Desde el primer asalto, la tensión era evidente. Tyson, siempre impulsivo y agresivo, buscaba imponer su fuerza y rápida ofensiva, mientras Holyfield mantenía la calma, confiando en su experiencia, técnica, fuerza y resistencia excepcional. En el segundo asalto, un cabezazo accidental de Holyfield abrió un corte en el ojo de Tyson, la sangre encendió su ira y le generó mucha frustración. En el tercer asalto, el control se perdió: Tyson mordió la oreja de Holyfield una primera vez y le arrancó un trozo de cartílago. El árbitro detuvo la pelea, le dio una advertencia a Tyson, y luego la reanudó. Pero pocos segundos después, volvió a hacerlo, esta vez en la otra oreja. La descalificación fue inmediata. El resultado: Holyfield conservó el título, y Tyson perdió mucho más que un combate. Perdió su honor, su credibilidad y la posibilidad de redimirse esa noche.
Lo impresionante de esa pelea no fue la fuerza demostrada, la violencia descontrolada o la sangre sobre la lona, sino la elección. Porque ambos estaban preparados para una batalla justa. Ambos tenían la capacidad de resistir, de adaptarse y de ganar. Pero uno decidió pelear sucio, y al hacerlo, destruyó sus posibilidades de una victoria limpia.

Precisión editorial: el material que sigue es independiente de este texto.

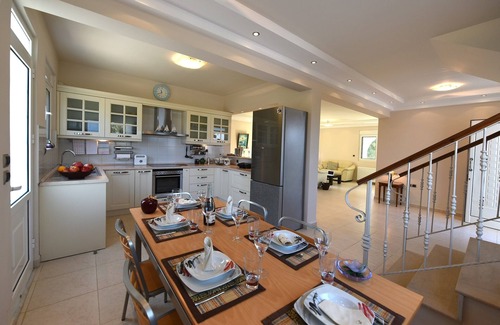 Kremasti Villa | Villa Paradeisi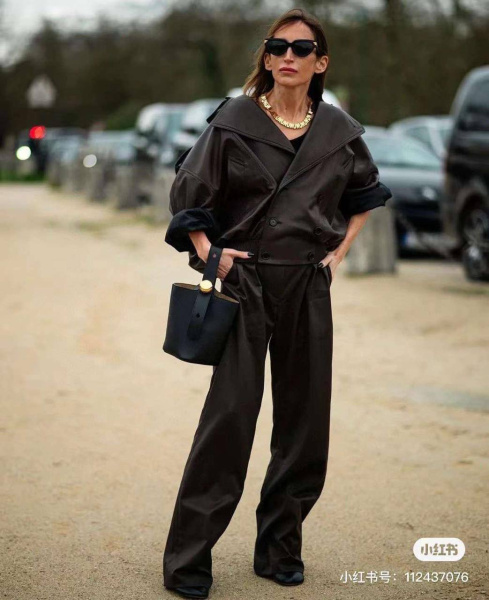 КУРТКА LOEWE  71183 фото анонса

Y así pasa también en el matrimonio.
No es el conflicto lo que destruye a las parejas, sino la forma en que deciden pelear. Hay matrimonios con una gran historia, con amor, fe, compromiso y preparación, pero que terminan lastimándose profundamente porque, en medio del enojo, pierden el control y comienzan a morder lo que juraron cuidar.
El problema no es discutir, sino hacerlo desde el ego, desde el orgullo, desde la necesidad de tener la razón. Una pelea que pudo ser una oportunidad para crecer, se convierte en un escenario de heridas y desconfianza.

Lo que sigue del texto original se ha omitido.